Buttocks Beware, it will not tone in these sneakers!

Last week the FTC charged Reebok International Ltd. with making false claims that its so-called toning shoes helped strengthen leg and buttock muscles. The agency said the ads made unsupported claims that walking in their “EasyTone” footwear was “proven” to tone buttocks 28 percent more than other sneakers and build calf muscles by 11 percent. They agreed to settle the case for $25 million dollars but stated they will not stop selling their “EasyTone” footwear. Sneaker maker Sketchers also has been contacted by the FTC over claims that its Shape-ups shoes have toning benefits. Their promotional materials promise they can *promote weight loss *improve posture* strengthen the back *tighten the abdominal muscles *firm buttocks, calves and thighs * reduce cellulite and *improve blood circulation. It sounds like they may be in the business of miracles rather than sneakers. They also have the Kardasians as representatives, and you can be assured that they have a lot of credibility as stars of a Reality TV show. I would have thought that hiring someone who looked like Moses might have upped sales even more dramatically. What always fascinates me is that people are more liable to believe false claims and celebrities than individuals that are trained to really know what sneakers might create less trauma to our bodies. Podiatrists and Orthopedic surgeons have already stated that toning footwear is not a great choice. It can cause damage to your Achilles tendons, strain calf muscles and create an imbalance in your stride which can compromise those who already have balance problems. All of this rhetoric seems to fly in the face of reason since common sense has become less and less a part of the culture. If a product makes claims that it can burn fat, tone your abdomen and help you lose weight in less time than it takes to brush your teeth, than the mad rush to purchase whatever it is begins. sketcher sales grew to $1 billion dollars in 2010 before dropping off this year as retailers and shoemakers were forced to slash prices after demand fell. Could it be that there were a series of epiphanies? Gee maybe losing weight is also contingent on eating less and  reducing stress, since too much stress can increase abdominal fat. But, hey that doesn’t cost anything, so it just isn’t going to sell, unless of course it can be bottled into some elixir and sold by Yogi Bear in a bikini!

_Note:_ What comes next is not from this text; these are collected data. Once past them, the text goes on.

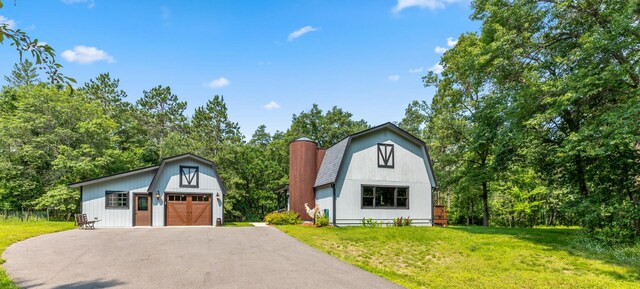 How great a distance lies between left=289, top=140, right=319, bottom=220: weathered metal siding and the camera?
22.2 m

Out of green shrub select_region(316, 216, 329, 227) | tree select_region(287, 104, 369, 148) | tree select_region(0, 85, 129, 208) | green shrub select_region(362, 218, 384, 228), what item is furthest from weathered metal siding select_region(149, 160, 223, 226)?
tree select_region(287, 104, 369, 148)

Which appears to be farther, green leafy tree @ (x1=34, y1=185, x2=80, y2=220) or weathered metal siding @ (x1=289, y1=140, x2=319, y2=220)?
green leafy tree @ (x1=34, y1=185, x2=80, y2=220)

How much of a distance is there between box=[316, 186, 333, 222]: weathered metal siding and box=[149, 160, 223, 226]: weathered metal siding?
262 inches

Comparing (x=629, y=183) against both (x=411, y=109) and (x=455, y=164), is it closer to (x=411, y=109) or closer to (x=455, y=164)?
(x=455, y=164)

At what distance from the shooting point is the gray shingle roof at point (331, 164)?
19.4m

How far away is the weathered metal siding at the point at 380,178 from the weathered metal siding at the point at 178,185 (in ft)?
29.0

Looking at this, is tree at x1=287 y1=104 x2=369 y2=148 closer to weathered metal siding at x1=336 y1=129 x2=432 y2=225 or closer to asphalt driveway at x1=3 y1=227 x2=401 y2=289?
→ weathered metal siding at x1=336 y1=129 x2=432 y2=225

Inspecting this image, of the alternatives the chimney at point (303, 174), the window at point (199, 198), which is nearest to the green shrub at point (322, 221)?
the chimney at point (303, 174)

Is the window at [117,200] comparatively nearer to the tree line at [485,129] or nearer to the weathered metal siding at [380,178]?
the tree line at [485,129]

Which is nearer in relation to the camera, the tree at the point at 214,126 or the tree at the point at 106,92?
the tree at the point at 214,126

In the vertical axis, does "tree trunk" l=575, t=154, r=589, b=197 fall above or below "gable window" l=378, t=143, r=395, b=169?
below

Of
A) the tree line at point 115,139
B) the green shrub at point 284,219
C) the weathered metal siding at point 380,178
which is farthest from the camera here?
the tree line at point 115,139

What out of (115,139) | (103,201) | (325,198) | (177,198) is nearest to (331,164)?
(325,198)

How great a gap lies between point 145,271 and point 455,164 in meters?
22.3
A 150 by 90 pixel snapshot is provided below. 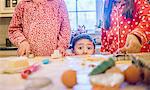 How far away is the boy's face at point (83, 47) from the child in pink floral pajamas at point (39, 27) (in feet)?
0.98

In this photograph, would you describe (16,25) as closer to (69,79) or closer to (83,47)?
(83,47)

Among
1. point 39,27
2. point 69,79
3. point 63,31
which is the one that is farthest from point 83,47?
point 69,79

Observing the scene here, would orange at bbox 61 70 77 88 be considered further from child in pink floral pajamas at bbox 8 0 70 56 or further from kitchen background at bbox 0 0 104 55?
kitchen background at bbox 0 0 104 55

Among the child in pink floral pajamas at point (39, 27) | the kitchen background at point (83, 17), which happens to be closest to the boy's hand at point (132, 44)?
the child in pink floral pajamas at point (39, 27)

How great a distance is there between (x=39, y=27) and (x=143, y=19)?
0.49 m

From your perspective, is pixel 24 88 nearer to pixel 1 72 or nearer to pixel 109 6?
pixel 1 72

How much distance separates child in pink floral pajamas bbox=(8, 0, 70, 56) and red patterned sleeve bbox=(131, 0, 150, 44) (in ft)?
1.21

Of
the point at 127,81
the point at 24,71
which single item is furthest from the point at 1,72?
the point at 127,81

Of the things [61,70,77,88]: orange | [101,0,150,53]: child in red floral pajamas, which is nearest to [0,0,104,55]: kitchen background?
[101,0,150,53]: child in red floral pajamas

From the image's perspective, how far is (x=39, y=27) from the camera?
1.28 meters

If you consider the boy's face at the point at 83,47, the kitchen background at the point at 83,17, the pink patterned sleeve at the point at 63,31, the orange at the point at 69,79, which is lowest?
the orange at the point at 69,79

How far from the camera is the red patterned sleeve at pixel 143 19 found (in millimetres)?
1137

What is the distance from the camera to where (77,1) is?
9.89 feet

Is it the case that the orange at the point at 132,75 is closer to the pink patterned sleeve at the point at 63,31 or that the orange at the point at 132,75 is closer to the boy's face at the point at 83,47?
the pink patterned sleeve at the point at 63,31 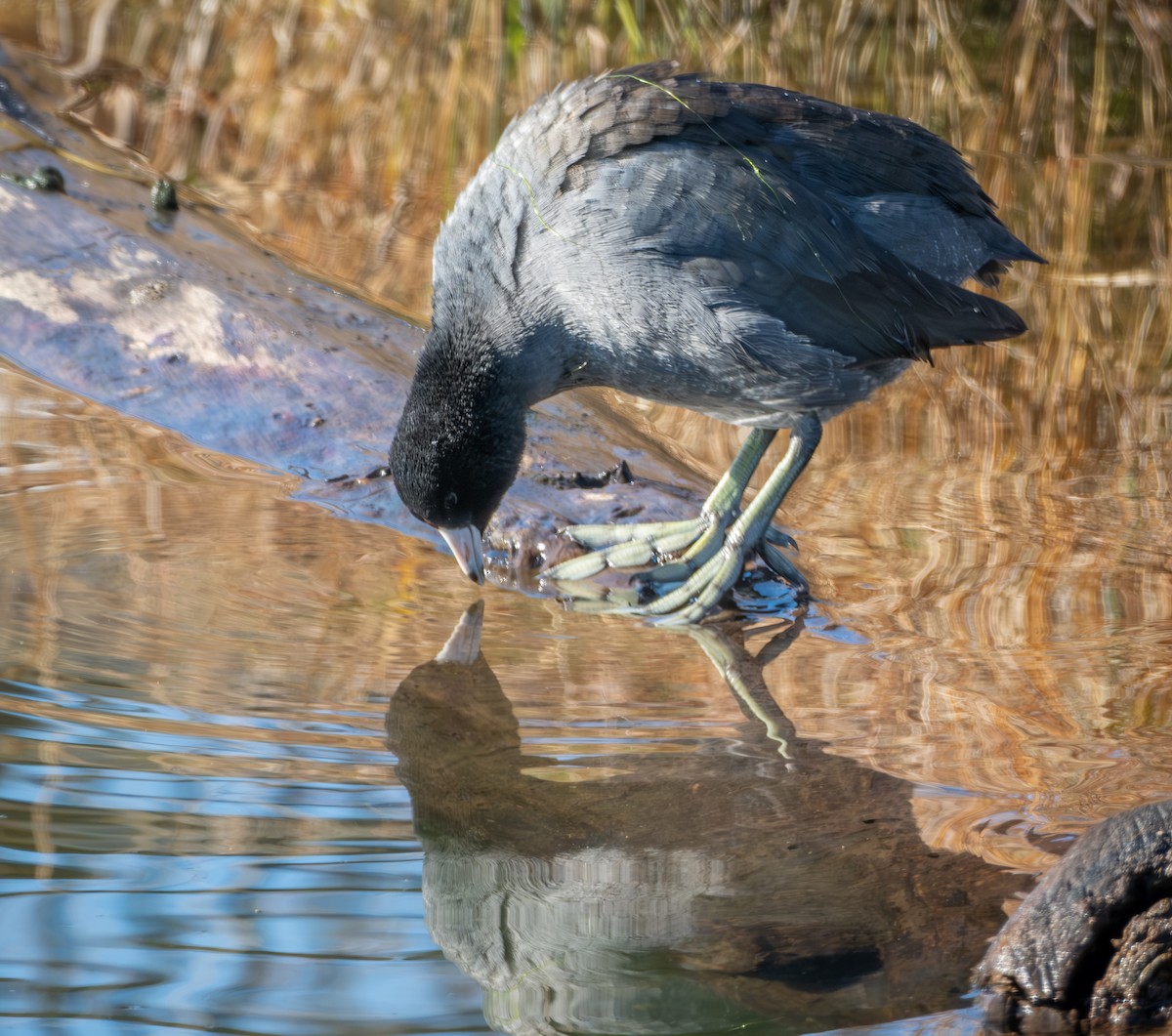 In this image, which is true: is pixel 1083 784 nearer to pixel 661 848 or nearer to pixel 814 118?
pixel 661 848

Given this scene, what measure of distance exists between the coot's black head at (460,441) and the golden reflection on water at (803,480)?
17cm

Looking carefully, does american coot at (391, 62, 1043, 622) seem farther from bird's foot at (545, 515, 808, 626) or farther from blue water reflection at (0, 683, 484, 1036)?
blue water reflection at (0, 683, 484, 1036)

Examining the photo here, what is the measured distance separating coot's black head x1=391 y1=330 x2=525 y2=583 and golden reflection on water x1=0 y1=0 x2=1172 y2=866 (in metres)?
0.17

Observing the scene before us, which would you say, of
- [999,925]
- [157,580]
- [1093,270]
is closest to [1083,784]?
[999,925]

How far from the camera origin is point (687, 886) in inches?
93.8

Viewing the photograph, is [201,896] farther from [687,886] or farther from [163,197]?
[163,197]

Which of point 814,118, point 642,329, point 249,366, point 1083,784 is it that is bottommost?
point 1083,784

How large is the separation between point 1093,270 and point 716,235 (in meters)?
2.73

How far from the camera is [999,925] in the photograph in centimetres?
228

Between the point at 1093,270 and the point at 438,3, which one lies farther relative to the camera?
the point at 438,3

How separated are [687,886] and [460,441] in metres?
1.40

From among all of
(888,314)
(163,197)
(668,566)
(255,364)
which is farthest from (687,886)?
(163,197)

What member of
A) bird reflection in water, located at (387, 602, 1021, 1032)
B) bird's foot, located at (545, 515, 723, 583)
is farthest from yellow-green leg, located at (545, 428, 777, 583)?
bird reflection in water, located at (387, 602, 1021, 1032)

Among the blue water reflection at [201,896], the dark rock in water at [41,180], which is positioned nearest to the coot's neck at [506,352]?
the blue water reflection at [201,896] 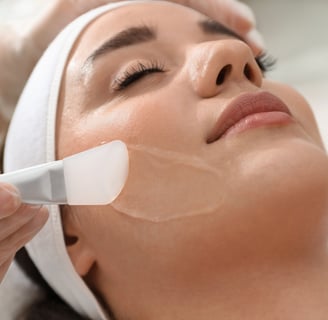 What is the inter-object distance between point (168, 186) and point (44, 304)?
17.3 inches

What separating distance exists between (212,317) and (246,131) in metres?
0.28

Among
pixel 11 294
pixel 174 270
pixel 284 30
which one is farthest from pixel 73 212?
pixel 284 30

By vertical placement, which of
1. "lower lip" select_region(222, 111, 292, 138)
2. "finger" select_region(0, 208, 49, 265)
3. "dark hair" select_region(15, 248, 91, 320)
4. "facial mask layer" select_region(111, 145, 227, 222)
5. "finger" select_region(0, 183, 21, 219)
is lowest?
"dark hair" select_region(15, 248, 91, 320)

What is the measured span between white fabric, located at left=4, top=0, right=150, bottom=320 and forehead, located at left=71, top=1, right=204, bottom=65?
0.09ft

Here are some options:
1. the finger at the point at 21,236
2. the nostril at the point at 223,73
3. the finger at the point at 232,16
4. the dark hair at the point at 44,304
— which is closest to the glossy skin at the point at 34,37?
the finger at the point at 232,16

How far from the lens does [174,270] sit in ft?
3.04

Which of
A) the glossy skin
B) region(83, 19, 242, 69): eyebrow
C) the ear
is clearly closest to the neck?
the ear

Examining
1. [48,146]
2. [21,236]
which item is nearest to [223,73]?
[48,146]

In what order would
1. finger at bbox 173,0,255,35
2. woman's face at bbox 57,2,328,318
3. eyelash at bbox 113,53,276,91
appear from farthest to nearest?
finger at bbox 173,0,255,35
eyelash at bbox 113,53,276,91
woman's face at bbox 57,2,328,318

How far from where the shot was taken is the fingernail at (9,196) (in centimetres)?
67

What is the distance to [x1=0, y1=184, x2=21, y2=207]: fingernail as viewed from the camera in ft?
2.19

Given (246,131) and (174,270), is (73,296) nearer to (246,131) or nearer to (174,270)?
(174,270)

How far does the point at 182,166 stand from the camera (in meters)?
0.90

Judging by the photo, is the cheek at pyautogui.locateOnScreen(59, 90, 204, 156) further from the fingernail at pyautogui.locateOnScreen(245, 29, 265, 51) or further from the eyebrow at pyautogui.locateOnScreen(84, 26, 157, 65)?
Answer: the fingernail at pyautogui.locateOnScreen(245, 29, 265, 51) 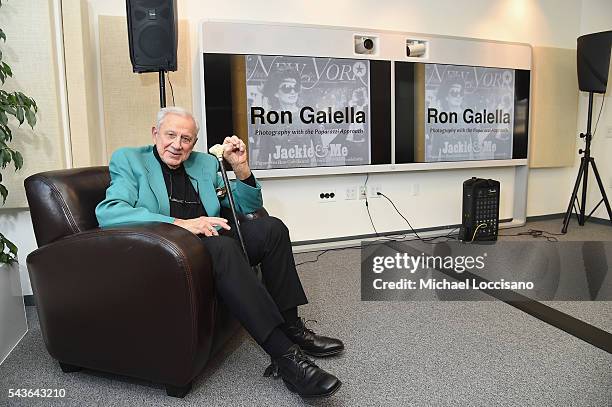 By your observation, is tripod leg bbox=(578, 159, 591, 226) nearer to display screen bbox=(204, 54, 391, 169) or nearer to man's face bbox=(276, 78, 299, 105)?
display screen bbox=(204, 54, 391, 169)

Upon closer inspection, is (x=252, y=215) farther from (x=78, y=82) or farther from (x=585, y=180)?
(x=585, y=180)

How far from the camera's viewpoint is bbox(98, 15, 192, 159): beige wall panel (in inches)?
113

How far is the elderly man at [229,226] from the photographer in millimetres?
1530

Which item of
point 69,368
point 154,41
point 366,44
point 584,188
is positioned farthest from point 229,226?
point 584,188

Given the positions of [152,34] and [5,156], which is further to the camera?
[152,34]

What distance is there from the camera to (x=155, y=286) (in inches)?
56.2

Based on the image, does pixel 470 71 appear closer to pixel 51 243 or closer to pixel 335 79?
pixel 335 79

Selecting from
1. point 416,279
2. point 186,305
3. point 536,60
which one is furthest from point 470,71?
point 186,305

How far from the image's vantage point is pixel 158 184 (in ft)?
5.96

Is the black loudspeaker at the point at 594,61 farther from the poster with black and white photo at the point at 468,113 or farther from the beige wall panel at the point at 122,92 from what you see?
the beige wall panel at the point at 122,92

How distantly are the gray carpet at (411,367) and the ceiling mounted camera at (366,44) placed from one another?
2.10 meters

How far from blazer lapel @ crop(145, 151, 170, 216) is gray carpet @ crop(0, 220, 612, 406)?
68 cm

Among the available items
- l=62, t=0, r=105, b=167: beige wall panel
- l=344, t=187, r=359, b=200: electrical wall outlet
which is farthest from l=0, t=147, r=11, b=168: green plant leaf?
l=344, t=187, r=359, b=200: electrical wall outlet

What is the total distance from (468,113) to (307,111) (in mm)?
1568
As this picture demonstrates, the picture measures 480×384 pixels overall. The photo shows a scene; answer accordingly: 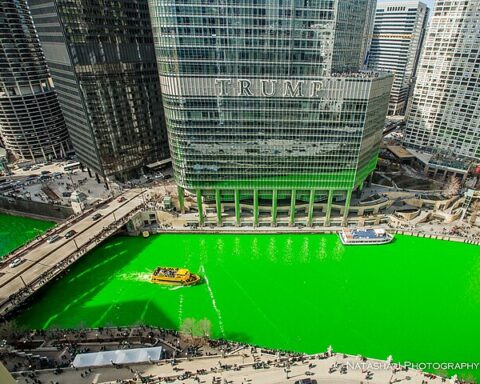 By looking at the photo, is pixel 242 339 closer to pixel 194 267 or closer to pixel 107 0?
pixel 194 267

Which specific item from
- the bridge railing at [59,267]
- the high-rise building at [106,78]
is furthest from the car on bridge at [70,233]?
the high-rise building at [106,78]

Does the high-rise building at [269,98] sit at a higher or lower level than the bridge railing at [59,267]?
higher

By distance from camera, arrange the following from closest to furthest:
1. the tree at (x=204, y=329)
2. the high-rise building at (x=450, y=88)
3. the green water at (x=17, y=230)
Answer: the tree at (x=204, y=329), the green water at (x=17, y=230), the high-rise building at (x=450, y=88)

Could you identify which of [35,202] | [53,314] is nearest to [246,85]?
[53,314]

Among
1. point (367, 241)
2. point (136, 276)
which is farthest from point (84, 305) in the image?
point (367, 241)

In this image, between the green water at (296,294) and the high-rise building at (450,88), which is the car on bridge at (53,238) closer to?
the green water at (296,294)

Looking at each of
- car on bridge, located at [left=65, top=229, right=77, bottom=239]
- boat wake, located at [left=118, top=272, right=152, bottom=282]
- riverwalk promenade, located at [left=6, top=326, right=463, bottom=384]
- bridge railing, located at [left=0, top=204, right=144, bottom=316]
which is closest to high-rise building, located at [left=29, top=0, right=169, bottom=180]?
car on bridge, located at [left=65, top=229, right=77, bottom=239]

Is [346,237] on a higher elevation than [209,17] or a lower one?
lower

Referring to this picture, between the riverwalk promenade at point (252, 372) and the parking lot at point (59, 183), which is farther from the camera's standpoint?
the parking lot at point (59, 183)

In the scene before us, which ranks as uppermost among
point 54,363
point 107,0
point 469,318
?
point 107,0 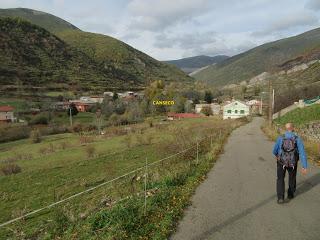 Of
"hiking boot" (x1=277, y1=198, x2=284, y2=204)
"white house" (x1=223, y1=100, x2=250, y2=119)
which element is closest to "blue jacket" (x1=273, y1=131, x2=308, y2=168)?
"hiking boot" (x1=277, y1=198, x2=284, y2=204)

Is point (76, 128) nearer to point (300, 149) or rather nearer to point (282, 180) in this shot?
point (282, 180)

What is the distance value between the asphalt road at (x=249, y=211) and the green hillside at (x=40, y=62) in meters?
129

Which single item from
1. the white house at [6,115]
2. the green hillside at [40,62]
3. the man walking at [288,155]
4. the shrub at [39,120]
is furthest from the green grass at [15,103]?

If I needed camouflage I’d buy some Army fatigues.

  I love summer! The warmth, the flowers blooming, barbeques, less heavy clothing, but then there’s also the beach and the possibility of wearing a bathing suit. As I’ve gotten older even thinking about a bathing suit begins to brings me close to panic. I always have a back log of suits from past years that looked half way decent. But age can start to shift our parts and what used to be at attention is often  at “parade rest”. I tried some of them on the other day and also went to a local department store to see what they had. The sales clerk assured me that the ones she chose were designed to hide flaws. In other words they were created to camouflage parts that we might not be happy with and enhance others. Now I don’t know about you but my perception of camouflage is clothing the Armed Forces uses to hide from the enemy in battle. In other words to become part of the background so that you blend in, kind of like a lizard. If that’s the case bathing suits should resemble sand and have shells glued on them. Couldn’t they have come up with another word. I really don’t want to hide anything I want it to go away. One of the things that might have made me buy one of the suits would have been a mirror that was “body friendly”. Give me a break, where do they find these mirrors. I think they’re all bought at a circus that’s going out of business. I know I’m short but somehow the mirror that I was looking in made me look like a pumpkin, round and stumpy. Others have made me look tall and thin. Now that’s the one I want to take home. It was then that I experienced an “AHA’ Moment!  It was time for me to design long-sleeved, ankle length suits. In fact that might be something a lot of women my age might like. They could be made out of a light material and have some strategic cutouts in places that still looked firm, like the underside of the wrist, or the middle of the back. It could actually be quite elegant. Swooping down the beach in a long gauzy attire might be quite exciting! Now that’s my idea of some really “cool” camouflage.